What came after was no better. The scarcity of fuels and energy effects have inevitably limited production; both due to lack of diesel and blackouts, explained the director of ENSAL, Jorge Luis Bell Álvarez, to Granma in October 2021. According to the official, only due to lack of electricity, 344 hours of work were lost last year, equivalent to about 3,400 tons, according to the capacity production of each plant.

Electricity crisis in Cuba: foreign investment and more fossil fuels

To maintain electricity service in residential areas and basic facilities, the Government has had to cut energy allocations corresponding to the productive sector. High-consumption industries, such as the salt industry, have been among the most affected.

More scarcity, less quality

Rationed salt has poor aesthetics. The country produces dry salt and wet salt. The second, of less quality and acceptance among consumers, is the one that is most frequently received through the basic basket.

Obtaining sodium chloride is a demanding process, which can take up to 90 days. The seawater arrives, by gravity or pumping, at successive evaporation and concentration ponds, and is then washed and “refined” before going to the plants where it will be centrifuged, ground and packaged. At least that’s how the process should be.

However, as has recognized Jorge Luis Bell Álvarez, the centrifuges used by the salt mines are not adequate, since they come from the sugar mills. And as for ovens, there is only one, installed in Guantánamo. The reality is far from what the manager himself outlined at the beginning of 2017, when I anticipated that “by the year 2019 all the salt plants in Cuba” would have “salt drying, for better quality.”

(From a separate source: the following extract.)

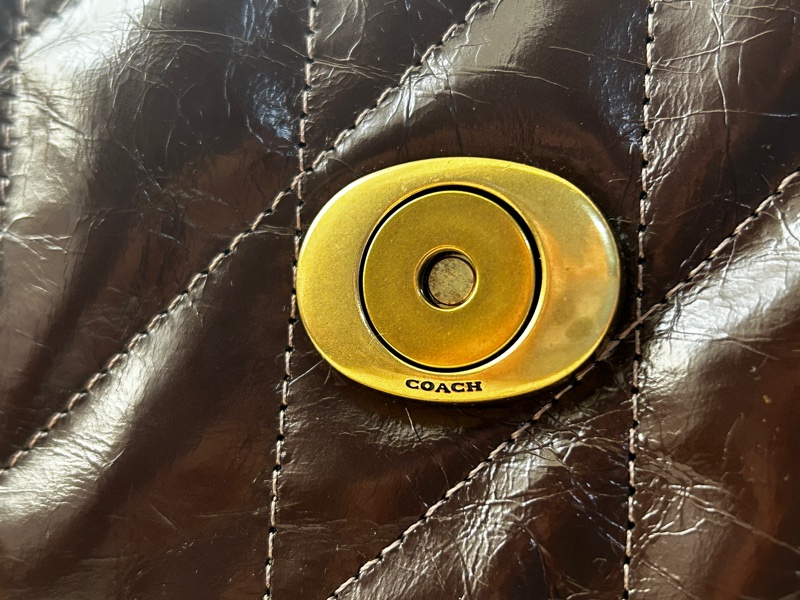 Coach 絎縫 Tabby  CAF55 肩背包-17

In 2022 the product still reaches consumers with a poor presentation. And, furthermore, with the additional limitation of being the ration book the only way to acquire it.

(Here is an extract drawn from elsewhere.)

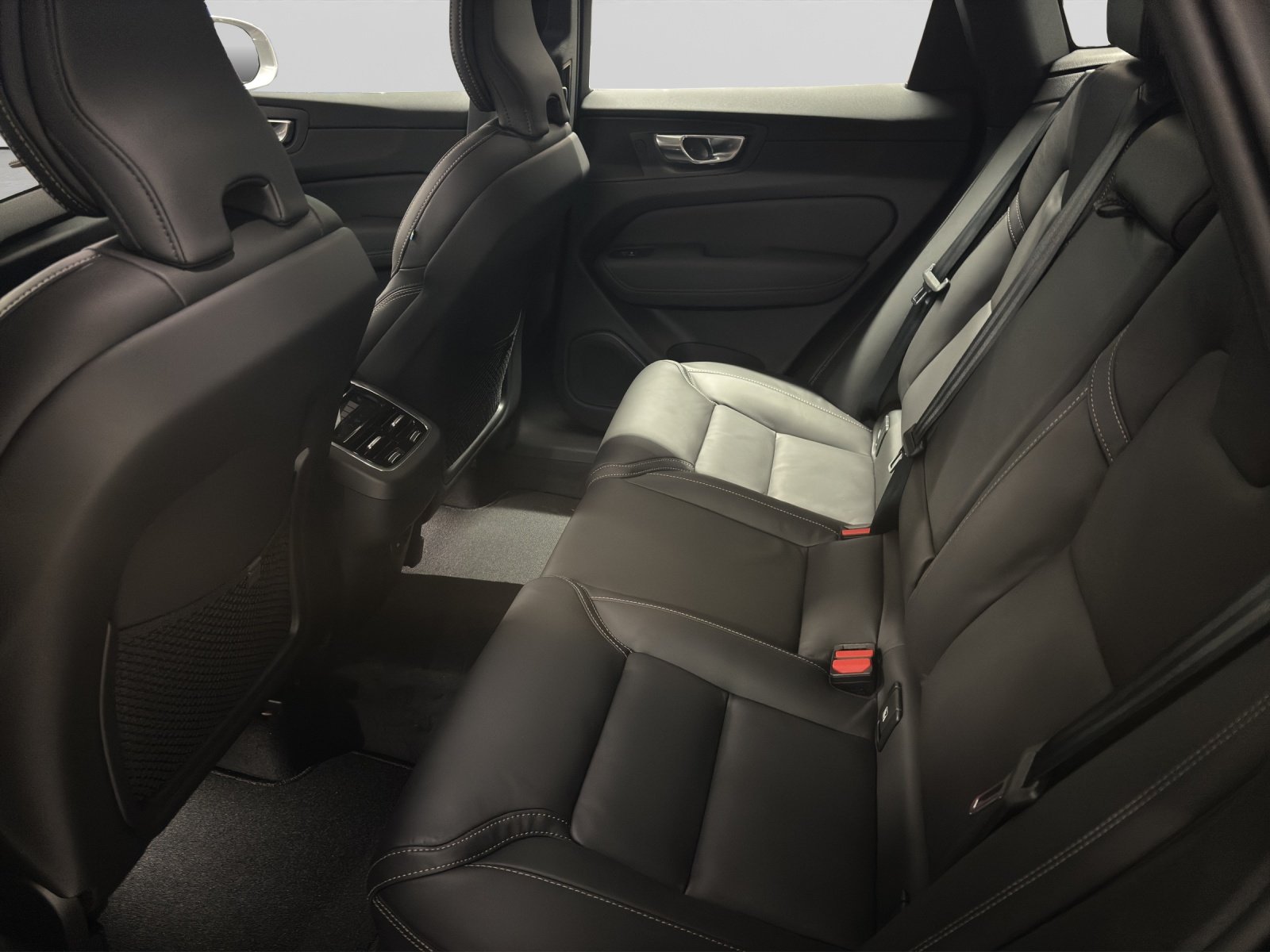 VOLVO XC60 2.0 B5 MH Ultra Bright AWD, Hybride Leggero Benzina/Elettrica, Auto dimostrativa, Automatico - 5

A study of the year 2015 reported that the daily consumption of salt in Cuba was 10 grams (g) per person. Already at that time, the distribution of salt through the basic basket was adjusted to the decomposition by nuclei scheme, used on the Island since 2009, with the intentional purpose of reducing the intake of sodium chloride in the population for health reasons.

The scheme for the sale of salt regulated by decomposition of nuclei regulates the number of one-kilogram packages that are sold per quarter to each of the families. In correspondence with the number of people that make up each household, the bags of the product are sold. In this way, the nuclei of between 1 and 2 people receive only one packet of salt each quarter; those of 3 and 4, receive two packages in the quarter, and so on, successively.

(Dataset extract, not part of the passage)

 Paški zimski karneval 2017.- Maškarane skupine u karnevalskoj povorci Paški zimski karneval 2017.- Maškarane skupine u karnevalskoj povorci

However, since the free sale of the condiment began in 2012 in the network of national markets and its sale in CUC was also maintained in stores that collect foreign currency, these additional channels constituted alternatives helped by Cubans so that in the table will not lack the salt that, after all, does not stop ingesting daily.

With both options now extinct, the outlook for purchasing the product has suddenly turned bleak.

Of the fine salt that was sold under the brand Caribbean, at 0.45 cents CUC, which at some point was sold at a similar price in MLC, has not been available in the current year. Meanwhile, on the black market the price of a sack of salt can exceed 2,000 CUP, and a pound is close to 50 CUP.

The options left to Cubans are not a panacea: juggling in the kitchens so that the regulated salt reaches each home or “bleeding” the pocket to access it at the price available at the time, aware that the greater the scarcity, the greater the prices. In no way the consumer wins.